HAILEY, Idaho -- Ezra Pound's birthplace is a two-story white clapboard house surrounded with a wrought iron fence, surrounded again by the high hills of this central Idaho mountain town.
The poet and front man for literary Modernism was born in what was then a frontier mining town on Oct. 30, 1885, a bit of accidental history some residents wouldn't mind having expunged due to Pound's radio broadcasts from fascist Italy during World War II that led to his being charged with 19 counts of treason in the United States. He also faced accusations of anti-Semitism.
Yet a dedicated few have renovated the house, and recently opened it to the public as a cultural center with art exhibits and a writer's workshop.
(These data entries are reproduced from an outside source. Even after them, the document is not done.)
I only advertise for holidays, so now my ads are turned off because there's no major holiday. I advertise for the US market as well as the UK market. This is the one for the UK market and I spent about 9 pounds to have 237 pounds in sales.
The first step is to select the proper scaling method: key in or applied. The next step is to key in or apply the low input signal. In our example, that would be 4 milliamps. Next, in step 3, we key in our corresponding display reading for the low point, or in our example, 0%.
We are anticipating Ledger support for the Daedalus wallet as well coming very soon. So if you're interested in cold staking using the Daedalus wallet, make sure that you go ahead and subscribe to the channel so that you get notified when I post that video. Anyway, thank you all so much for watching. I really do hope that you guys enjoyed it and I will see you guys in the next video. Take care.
Even before that, fans of his poetry -- some of whom match Pound's own gigantic stature -- had been showing up on the doorstep.
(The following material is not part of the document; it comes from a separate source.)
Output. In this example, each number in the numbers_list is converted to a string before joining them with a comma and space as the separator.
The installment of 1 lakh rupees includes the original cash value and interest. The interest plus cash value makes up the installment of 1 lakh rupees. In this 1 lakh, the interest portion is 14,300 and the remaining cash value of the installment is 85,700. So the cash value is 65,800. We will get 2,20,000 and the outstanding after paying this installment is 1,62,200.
"All along there has been a great deal of pilgrimages of poets to this house," said Gary Hunt, owner of Iconoclast Books in nearby Ketchum, who helped preserve the house.
They come to see the birthplace of the poet and writer who was among the earliest to cast off traditional restraints, wrote the book-length poem "Cantos" and whose enormous influence and talent helped others forge a new literary style that reflected shifting social mores at the start of the 20th century.
"He's considered the forefather of modern poetry," said Joy Passanante, associate director of creative writing at the University of Idaho. "He's a seminal influence on our culture today."
Pound only lived in the house for about 18 months while his father ran a government land office. The family moved east to Pennsylvania, and Pound never returned, though he sometimes referred to himself as the "Idaho Kid" and occasionally wrote informal letters punctuated with Wild West lingo.
The house was gifted to the Sun Valley Center for the Arts in 2005 after languishing for several years under ownership of another nonprofit initially called the Ezra Pound Association that couldn't bring in enough money.
The Sun Valley Center simply calls the house the Center, Hailey, stepping clear of Pound's pariah status. It doesn't even mention on its website that it owns the birthplace of the man who altered the landscape of literature.
"It's a minor note for us," said the center's director of development, Sally Boettger. "But we're pleased for anybody who has that interest."